══ DATASET ENTRIES ══
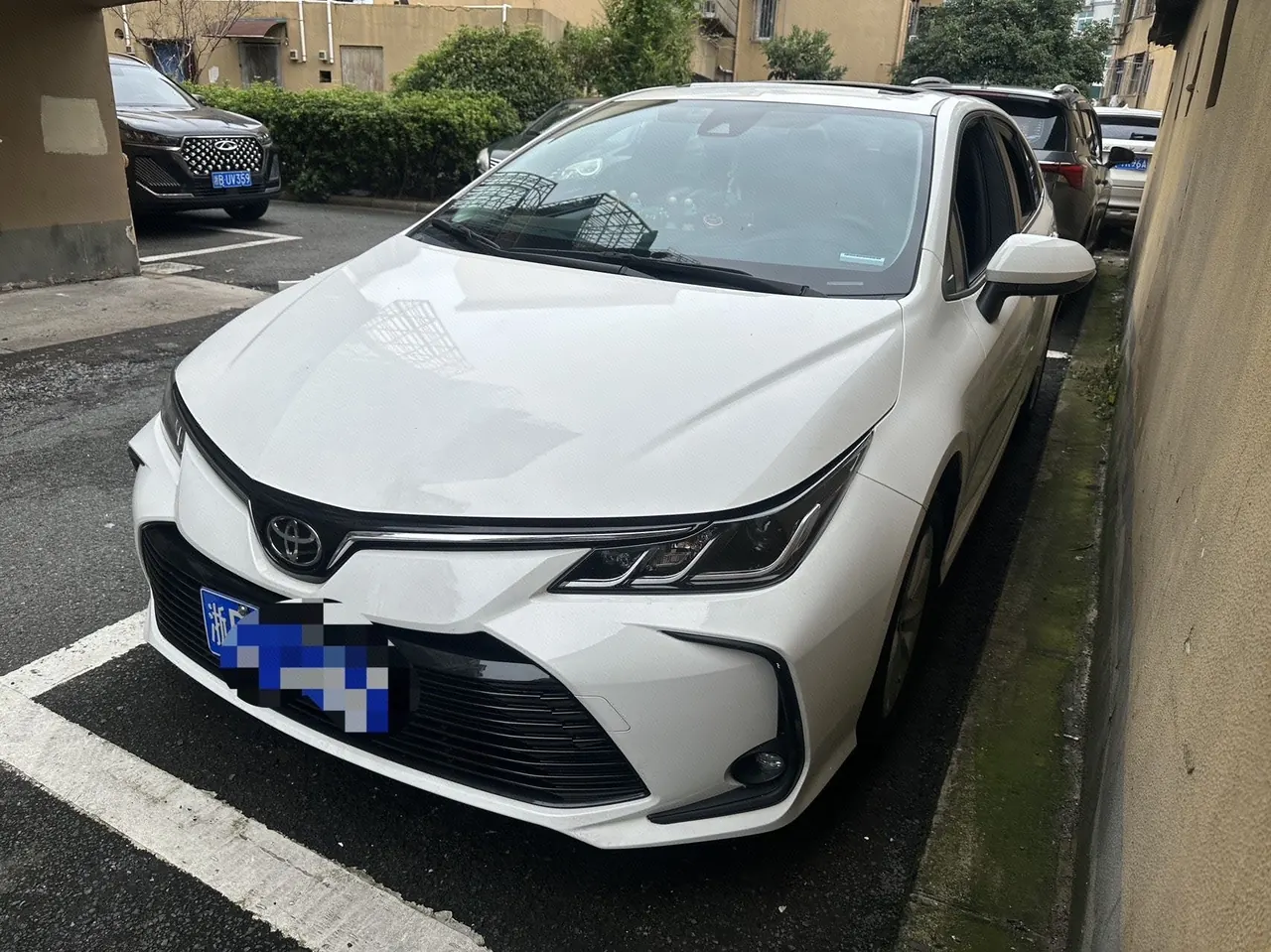 Open image lightbox: Toyota 2022 corolla 1.2T stepless pioneer PLUS version automatic gear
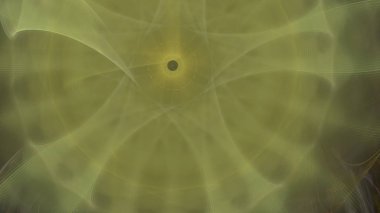 Fantezi kaotik renkli fraktal desen. Soyut Fraktal şekiller. 3D render resimde arka plan veya duvar kağıdı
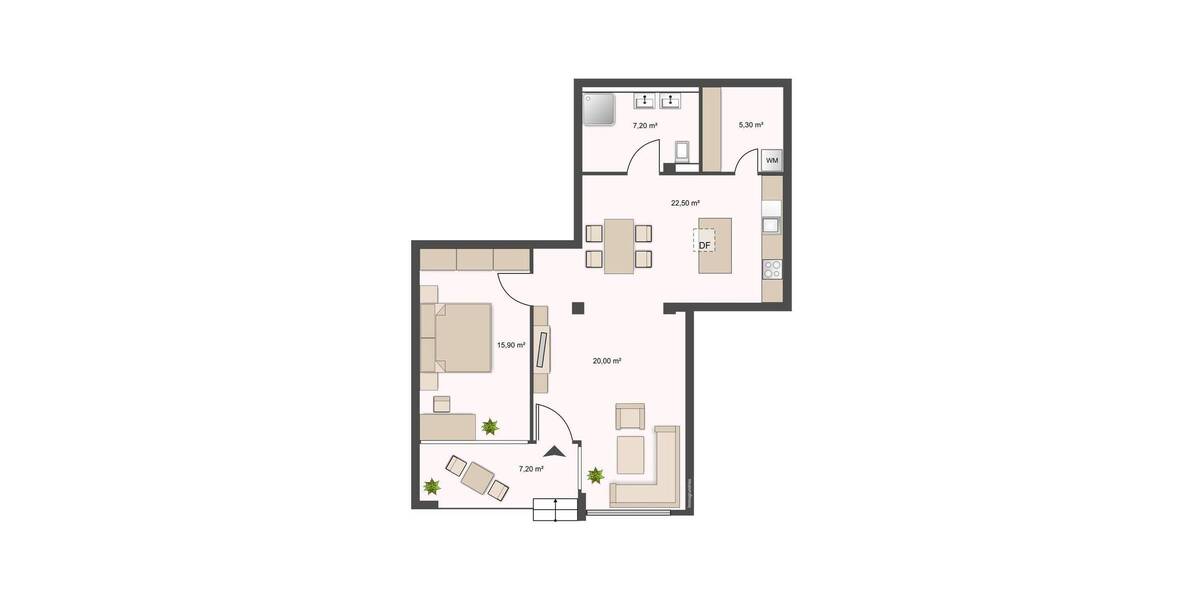 Mehrfamilienhaus, Wohnhaus Möglingen - 1 Zimmer, 1.195.000&euro; | Angebot:26788031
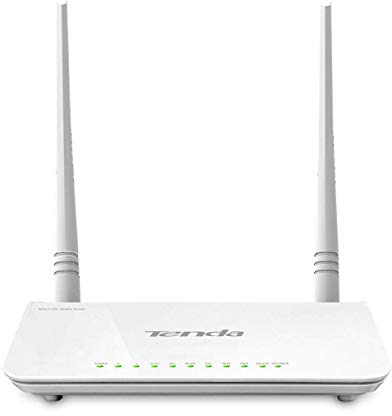 Tenda D303 - Router wireless (Dual-band (2.4 GHz), 64-bit WEP, 128-bit WEP, WDS, WPA2-PSK, IEEE 802.11n, Fast Ethernet, Blanco, IEEE 802.11b, IEEE 802.11g, IEEE 802.11n)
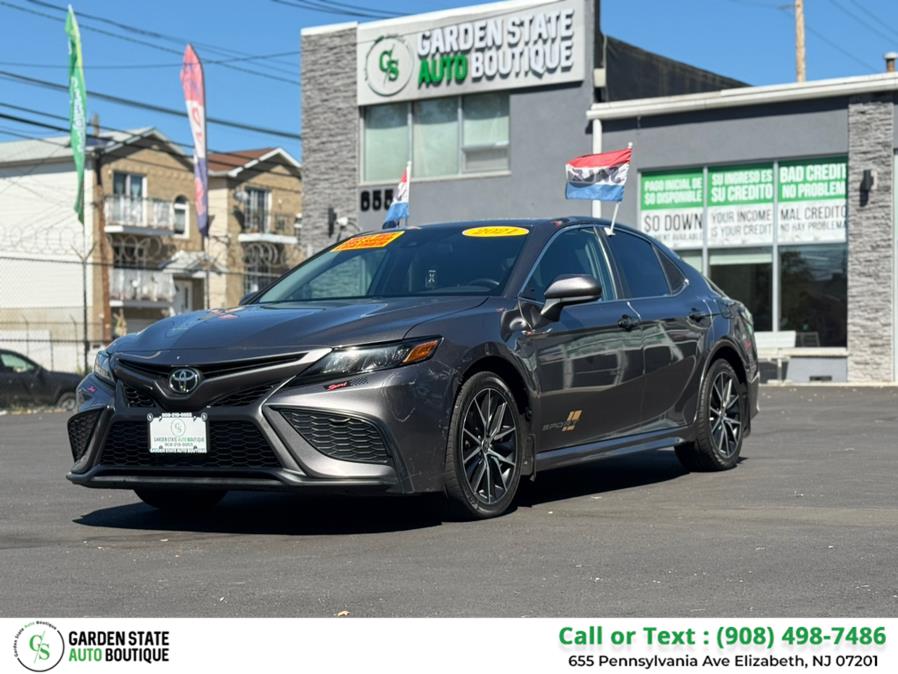 Used 2021 Toyota Camry in Elizabeth, New Jersey | Garden State Auto Boutique. Elizabeth, New Jersey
═══
EXERCISE GOAL
An exact repeat of all the data is required, pictures excluded.

RESPONSE BOX
 Open image lightbox: Toyota 2022 corolla 1.2T stepless pioneer PLUS version automatic gear
 Fantezi kaotik renkli fraktal desen. Soyut Fraktal şekiller. 3D render resimde arka plan veya duvar kağıdı
 Mehrfamilienhaus, Wohnhaus Möglingen - 1 Zimmer, 1.195.000&euro; | Angebot:26788031
 Tenda D303 - Router wireless (Dual-band (2.4 GHz), 64-bit WEP, 128-bit WEP, WDS, WPA2-PSK, IEEE 802.11n, Fast Ethernet, Blanco, IEEE 802.11b, IEEE 802.11g, IEEE 802.11n)
 Used 2021 Toyota Camry in Elizabeth, New Jersey | Garden State Auto Boutique. Elizabeth, New Jersey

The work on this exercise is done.